A first step – what came after my Deafision
Since I last blogged, I’ve tried wearing one hearing aid with the sound set low just on occasions when I need to moderate my voice or try to hear my granddaughters. This week began with yet another bad reaction to even this tiny input, as did last week. Every time this happens, it leaves me like a limp rag for the next two days – interfering unacceptably with how I want to live.
I wrote in my Deafision blog:
“Cochlear implants are increasingly provided, is this for me? I feel very resistant, are they really more for hearing people as above? Do I value the possibility of increased sound enough to undergo an operation and thereafter have a foreign body inside my head with the other bit stuck on the outside? Remember, I said it’s just my family’s voices I want to hear, few other sounds matter much to me. Not all are successful and I abhor those emotive switch on videos.”

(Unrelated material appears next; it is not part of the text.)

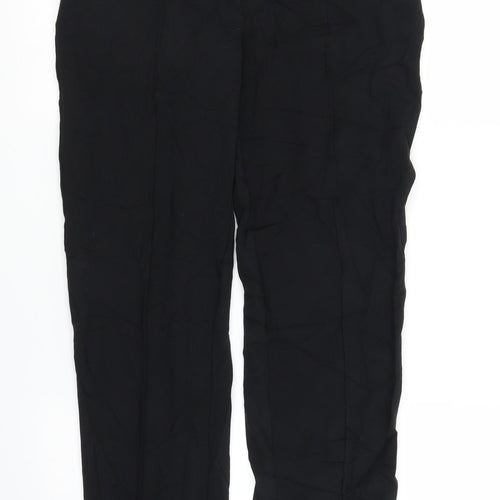 M&S Womens Black   Trousers  Size 10 L29 in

Since then, I’ve realised this does need to be my next step. I’ve listened to good friends who have CIs, I’ve done my research pretty thoroughly, talked to my family and spent many hours turning the issue over in my mind and I know I’m potentially what’s termed “a good candidate” for one. My view has shifted from once being totally anti (for myself – I’ve never judged other people’s choices) to reluctantly conceding it might one day be right for me to now accepting that that day has arrived. I’m not concerned with how anybody else may view my choice; we all have our particular reasons and situations for making our life choices.
For those who think I should “teach my family to sign”, I’d say:
“Be realistic. My family are all hearing, they don’t sign enough to keep it up for my benefit. I did not meet other deaf people or encounter sign language until I was 17, after being brought up completely orally, lipreading and attending mainstream schools. My first language is English, BSL is my second language and however much I love it, however much I prefer to use it and to communicate with my deaf friends and acquaintances, I am a pragmatic person who deals with the world around her as it is, not how I wish it was.”
Yes, I could change my mind, or I may not be accepted for one, but those are next steps. My first step is an CI information group meeting in November.
I feel a mix of trepidation and anticipation. It’s a new adventure for me.